> **Problem requirements**: In the records below, find the line holding "Isabel Paterson Quotes: It" and the line holding "抖音秒刷双击业务网址的相关探讨". Set down both, with every line between them, exactly.

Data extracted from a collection
▬▬▬▬▬▬
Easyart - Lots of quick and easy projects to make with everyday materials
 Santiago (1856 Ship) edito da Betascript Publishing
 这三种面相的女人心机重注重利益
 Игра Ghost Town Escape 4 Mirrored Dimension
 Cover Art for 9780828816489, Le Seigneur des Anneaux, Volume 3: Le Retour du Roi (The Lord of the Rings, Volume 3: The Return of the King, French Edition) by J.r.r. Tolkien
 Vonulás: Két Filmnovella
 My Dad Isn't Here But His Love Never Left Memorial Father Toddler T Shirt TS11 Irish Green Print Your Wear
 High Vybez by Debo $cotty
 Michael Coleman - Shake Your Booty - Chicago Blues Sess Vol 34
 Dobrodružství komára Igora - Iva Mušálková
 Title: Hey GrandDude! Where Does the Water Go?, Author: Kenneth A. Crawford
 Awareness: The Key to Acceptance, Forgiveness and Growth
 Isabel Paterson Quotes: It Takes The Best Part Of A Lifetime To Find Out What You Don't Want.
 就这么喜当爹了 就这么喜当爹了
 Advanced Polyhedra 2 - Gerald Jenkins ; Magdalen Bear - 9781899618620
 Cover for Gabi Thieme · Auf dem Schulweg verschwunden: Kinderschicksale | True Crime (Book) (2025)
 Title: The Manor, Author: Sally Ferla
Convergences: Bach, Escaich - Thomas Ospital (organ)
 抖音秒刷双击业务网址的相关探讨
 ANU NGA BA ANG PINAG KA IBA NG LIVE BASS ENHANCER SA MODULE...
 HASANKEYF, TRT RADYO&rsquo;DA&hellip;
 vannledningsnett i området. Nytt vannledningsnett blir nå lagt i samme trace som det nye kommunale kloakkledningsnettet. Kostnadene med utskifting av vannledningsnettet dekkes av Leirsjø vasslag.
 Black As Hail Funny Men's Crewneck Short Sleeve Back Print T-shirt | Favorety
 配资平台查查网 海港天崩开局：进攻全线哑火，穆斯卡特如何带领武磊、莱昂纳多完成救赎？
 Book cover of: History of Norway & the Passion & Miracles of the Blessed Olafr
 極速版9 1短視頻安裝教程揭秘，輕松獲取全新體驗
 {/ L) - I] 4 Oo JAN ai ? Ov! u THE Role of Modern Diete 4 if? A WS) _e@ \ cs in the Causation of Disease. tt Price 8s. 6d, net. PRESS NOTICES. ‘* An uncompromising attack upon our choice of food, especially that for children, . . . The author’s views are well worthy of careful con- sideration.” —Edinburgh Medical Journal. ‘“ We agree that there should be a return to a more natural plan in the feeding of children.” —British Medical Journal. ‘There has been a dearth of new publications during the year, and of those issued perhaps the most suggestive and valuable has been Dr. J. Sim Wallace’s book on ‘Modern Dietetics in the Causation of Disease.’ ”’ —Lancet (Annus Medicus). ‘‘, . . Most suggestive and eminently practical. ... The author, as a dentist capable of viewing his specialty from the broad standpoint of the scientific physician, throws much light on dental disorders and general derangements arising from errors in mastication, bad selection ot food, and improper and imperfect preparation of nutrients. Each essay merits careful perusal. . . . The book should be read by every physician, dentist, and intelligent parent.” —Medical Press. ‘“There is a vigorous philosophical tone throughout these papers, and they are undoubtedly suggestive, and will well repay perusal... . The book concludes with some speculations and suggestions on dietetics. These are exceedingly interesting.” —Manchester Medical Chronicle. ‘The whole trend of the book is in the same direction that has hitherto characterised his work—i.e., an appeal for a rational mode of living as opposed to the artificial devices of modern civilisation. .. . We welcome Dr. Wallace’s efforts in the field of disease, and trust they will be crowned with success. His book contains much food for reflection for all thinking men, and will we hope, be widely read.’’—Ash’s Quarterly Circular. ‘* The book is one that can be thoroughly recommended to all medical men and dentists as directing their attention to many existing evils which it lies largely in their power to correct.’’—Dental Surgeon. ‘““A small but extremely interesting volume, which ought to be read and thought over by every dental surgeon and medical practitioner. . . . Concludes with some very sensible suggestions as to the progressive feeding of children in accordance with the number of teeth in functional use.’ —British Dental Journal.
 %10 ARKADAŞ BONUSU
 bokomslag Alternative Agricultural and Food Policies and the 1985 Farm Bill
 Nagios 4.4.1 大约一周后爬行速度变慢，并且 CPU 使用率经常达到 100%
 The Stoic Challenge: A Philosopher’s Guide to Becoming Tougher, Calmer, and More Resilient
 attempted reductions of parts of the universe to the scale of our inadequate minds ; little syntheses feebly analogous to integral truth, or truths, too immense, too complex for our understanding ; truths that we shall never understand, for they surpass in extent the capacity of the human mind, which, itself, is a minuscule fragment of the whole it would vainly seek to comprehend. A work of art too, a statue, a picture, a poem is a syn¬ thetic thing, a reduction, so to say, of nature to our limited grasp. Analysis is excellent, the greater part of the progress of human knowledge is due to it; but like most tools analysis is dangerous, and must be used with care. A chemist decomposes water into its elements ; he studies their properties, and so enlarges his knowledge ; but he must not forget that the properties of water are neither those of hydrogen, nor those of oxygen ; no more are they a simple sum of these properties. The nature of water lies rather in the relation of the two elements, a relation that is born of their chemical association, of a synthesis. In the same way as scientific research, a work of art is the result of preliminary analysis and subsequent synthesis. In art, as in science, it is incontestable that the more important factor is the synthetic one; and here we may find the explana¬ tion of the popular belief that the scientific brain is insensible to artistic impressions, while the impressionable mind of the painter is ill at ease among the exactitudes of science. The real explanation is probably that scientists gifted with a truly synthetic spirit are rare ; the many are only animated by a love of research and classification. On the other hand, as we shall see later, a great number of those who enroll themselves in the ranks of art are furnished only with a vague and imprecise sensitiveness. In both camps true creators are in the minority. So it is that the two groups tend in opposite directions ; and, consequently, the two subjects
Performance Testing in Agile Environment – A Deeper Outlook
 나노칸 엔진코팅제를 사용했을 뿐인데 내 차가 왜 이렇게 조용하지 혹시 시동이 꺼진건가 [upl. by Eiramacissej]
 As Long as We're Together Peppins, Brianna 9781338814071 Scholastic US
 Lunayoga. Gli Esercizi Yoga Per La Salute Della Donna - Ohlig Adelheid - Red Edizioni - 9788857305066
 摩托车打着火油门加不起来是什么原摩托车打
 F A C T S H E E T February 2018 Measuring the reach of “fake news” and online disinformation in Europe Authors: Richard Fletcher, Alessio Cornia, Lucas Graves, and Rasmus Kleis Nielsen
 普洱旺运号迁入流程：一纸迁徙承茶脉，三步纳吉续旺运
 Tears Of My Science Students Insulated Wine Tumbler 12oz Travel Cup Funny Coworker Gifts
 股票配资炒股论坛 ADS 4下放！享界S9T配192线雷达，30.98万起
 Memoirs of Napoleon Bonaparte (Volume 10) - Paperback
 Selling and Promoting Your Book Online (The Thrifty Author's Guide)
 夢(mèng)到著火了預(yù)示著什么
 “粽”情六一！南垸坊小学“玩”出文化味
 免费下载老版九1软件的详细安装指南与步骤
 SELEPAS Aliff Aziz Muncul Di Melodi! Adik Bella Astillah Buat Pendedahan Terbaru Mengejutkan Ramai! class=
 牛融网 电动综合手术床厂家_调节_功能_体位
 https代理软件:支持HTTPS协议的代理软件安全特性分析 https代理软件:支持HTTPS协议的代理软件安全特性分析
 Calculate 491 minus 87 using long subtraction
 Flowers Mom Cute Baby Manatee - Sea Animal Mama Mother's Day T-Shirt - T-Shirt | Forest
▬▬▬▬▬▬
> **Task solution**:
 Isabel Paterson Quotes: It Takes The Best Part Of A Lifetime To Find Out What You Don't Want.
 就这么喜当爹了 就这么喜当爹了
 Advanced Polyhedra 2 - Gerald Jenkins ; Magdalen Bear - 9781899618620
 Cover for Gabi Thieme · Auf dem Schulweg verschwunden: Kinderschicksale | True Crime (Book) (2025)
 Title: The Manor, Author: Sally Ferla
Convergences: Bach, Escaich - Thomas Ospital (organ)
 抖音秒刷双击业务网址的相关探讨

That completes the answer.